In den meisten Tantra-Workshops gibt es ebenso wie in anderen Selbsterfahrungsgruppen Übungen, bei denen wir aufgefordert werden, uns einen Partner zu wählen. Da können wir dann vorpreschen und bekommen mit mehr oder weniger Glück auch den oder die Erwählte, oder wir warten und hoffen, dass wir von einem Menschen erwählt werden, der uns gut tut. In beiden Fällen kann das Transpersonale durchscheinen. Das Erwähltwerden ist dafür sogar noch geeigneter, weil wir dabei nicht selbst, nicht persönlich die Wahl getroffen haben, sondern eine Kraft außerhalb von uns selbst uns den Partner zugeführt hat. So wie ja auch in den meisten traditionellen Gesellschaften der Lebenspartner nicht von Braut oder Bräutigam selbst gewählt wurden, sondern von den Familien. Die Ausbeute an Lebensglück soll dort nicht geringer sein als bei den romantisch entstandenen Liebespartnerschaften, heißt es. Wir sollten die uns zugeführten Partner deshalb nicht als zweite, dritte oder zwölfte Wahl missachten, sondern dabei die Chance wahrnehmen, uns vom Archetyp des Weiblichen oder Männlichen berühren zu lassen, vom Transpersonalen, Göttlichen.

Was ist Tantra eigentlich?

Die Frage, ob Tantra ein Weg zur Vertiefung der Paarbeziehung, zur Heilung sexueller Wunden, zur Erweiterung des Lustempfindens oder zur spirituellen Befreiung ist, stellt sich in der Praxis nicht.
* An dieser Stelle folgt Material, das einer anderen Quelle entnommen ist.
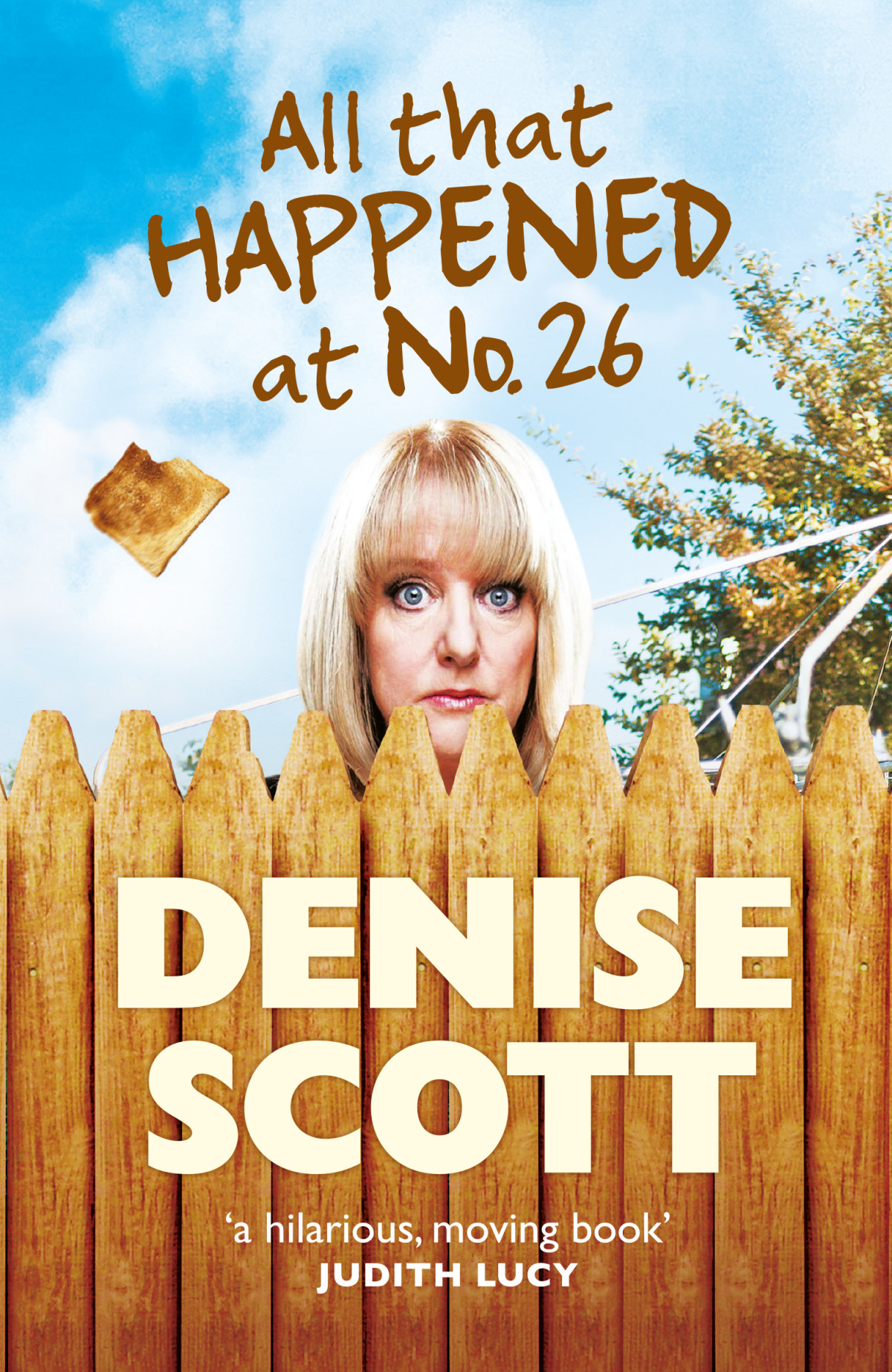 All That Happened At Number 26 Scott Denise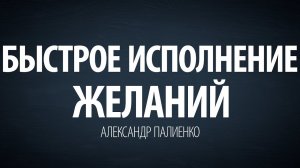 Быстрое исполнение желаний. Александр Палиенко.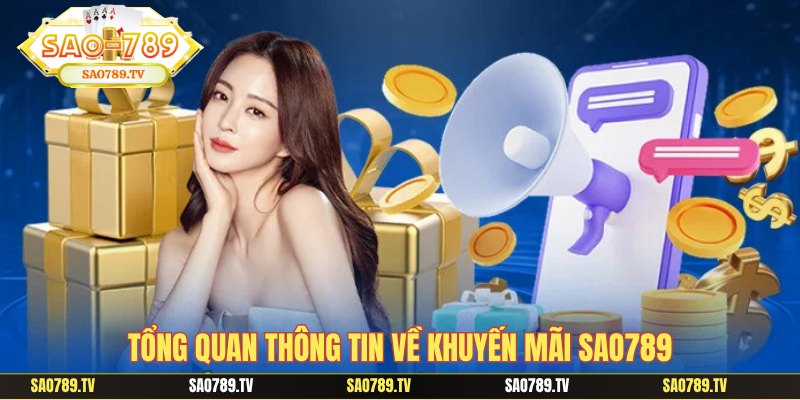 Chia sẻ thông tin về khuyến mãi SAO789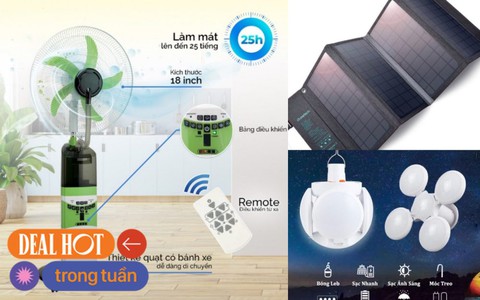 Đồ tích điện, sản phẩm năng lượng mặt trời giảm đến 50%, mùa cúp điện luân phiên nhà nào cũng cần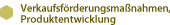 Verkaufsf?rderungsma?nahmen, Produktentwicklung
In der Praxis ist Tantra mal dies, mal das und insgesamt alles von dem Genannten. Die Frage stellt sich nur theoretisch, das heißt, wenn wir uns damit weltanschaulich verorten wollen oder versuchen, die Übungen anderen zu erklären, die sowas noch nie gemacht haben. In der Praxis spüren wir unsere Wünsche und Begierden, unsere Lüste und unsere Ängstlichkeit ebenso wie unsere spirituellen Sehnsüchte und Ekstasen und gehen damit mehr oder weniger profan oder spirituell um. Und all das hat immer mit dem zu tun, wer wir persönlich sind und zugleich mit dem, was durch unsere jeweilige, einzigartige Person aus dem transpersonalen Raum durch uns hindurchströmt.